Le coureur de l’île de Man aurait préféré se retirer de la route avec de meilleurs adieux que ces dernières saisons en dents de scie pendant lesquelles il traînait le traumatisme de ses deux chutes survenues lors du Tour 2017 (poussé par Sagan) et de Milan-San Remo en 2018. « Oui, depuis ce sprint avec Sagan, j’ai peur. Je n’avais jamais eu peur. Tu ne peux plus contrôler ce que les autres font maintenant. Voilà ce qui me fait peur », déclarait-il à L’Equipe en juillet 2018. Terrorisé, Cavendish n’était plus que l’ombre de la légende qu’il a écrite entre 2008 et 2015 sur la route, en empilant les victoires comme d’autres enfilent des perles.
Pourquoi lui :
Car le Britannique n’est autre que, selon nous, le meilleur sprinteur du 21e siècle. Il est d’ailleurs le seul de notre top 10, et pour cause : le Mannois a remporté tout ce dont un sprinteur peut rêver. Champion du monde sur route en 2011, champion de Grande-Bretagne en 2013, Milan-San Remo en 2009, des victoires d’étapes sur chacun des Grands Tours ainsi que les maillots du classement par points, victoires sur les Champs-Elysées en conclusion du Tour. Bref, sur ces 8 saisons de règne, Cavendish était imbattable, au sein d’un collectif qui lui était presque exclusivement consacré. La formation Highroad, devenue Columbia puis HTC-Highroad (entre autres), lui a offert ses plus grands succès entre 2008 et 2011.

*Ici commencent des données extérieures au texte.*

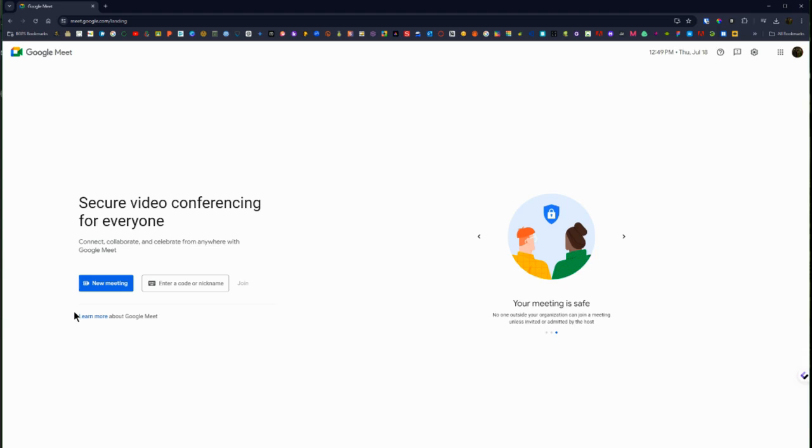So over here on the left is how you can actually either set up a new meeting or join a meeting. We have a separate video that walks through how to join and attend a meeting and you can check that out in our Google Meet playlist.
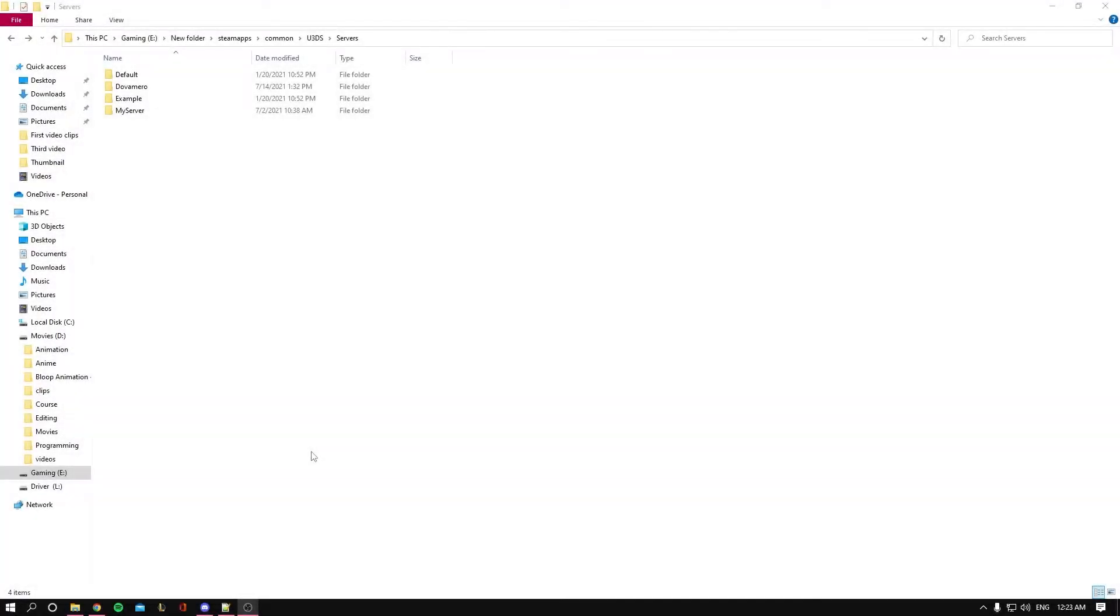Hello and welcome back to another video. Today we're going to be talking about despawn and respawn timing in Unturned. So getting started, you'll open up your server.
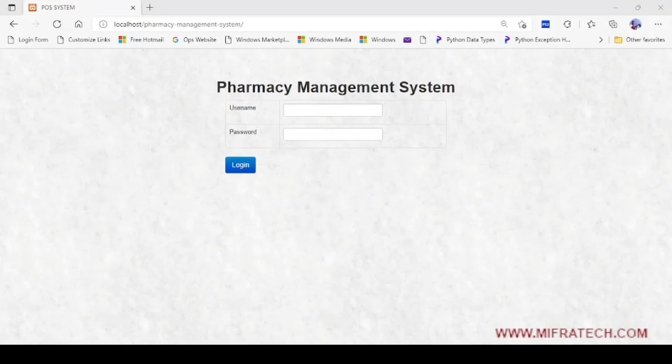Hello everyone, welcome to the MifraTech YouTube channel. Today we are going to explain another new project called Pharmacy Management System.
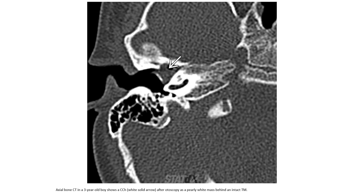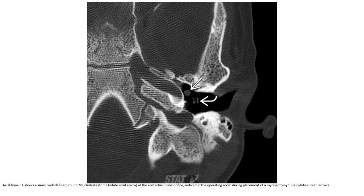Case 2: Axial CT of a 3-year-old boy shows the congenital cholesteatoma appearing as a pearly white mass behind an intact tympanic membrane on otoscopy. Axial CT shows a small, well-defined round middle ear cholesteatoma noticed in the operating room during placement of tympanostomy tubes.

Dernier échelon d’un train devenu référence, Cavendish ne lâchait la roue de Mark Renshaw que dans les derniers hectomètres de course. Son acolyte australien, également très bon sprinteur, fut un remarquable poisson-pilote, allant même jusqu’à mettre des coups de casque à ses adversaires pour offrir le champ libre à son leader. De son style extrêmement dynamique, voire teigneux du haut de son mètre 75 et de ses 70 kilos, le Cav’ faisait parler sa puissance pour conclure ces formidables lancements et dégouter ses adversaires. Personnage parfois agaçant mais terriblement humain, comme le montre son déclin progressif depuis 2018, il a su marquer l’histoire du Tour et du cyclisme pour s’offrir une place de choix dans notre classement.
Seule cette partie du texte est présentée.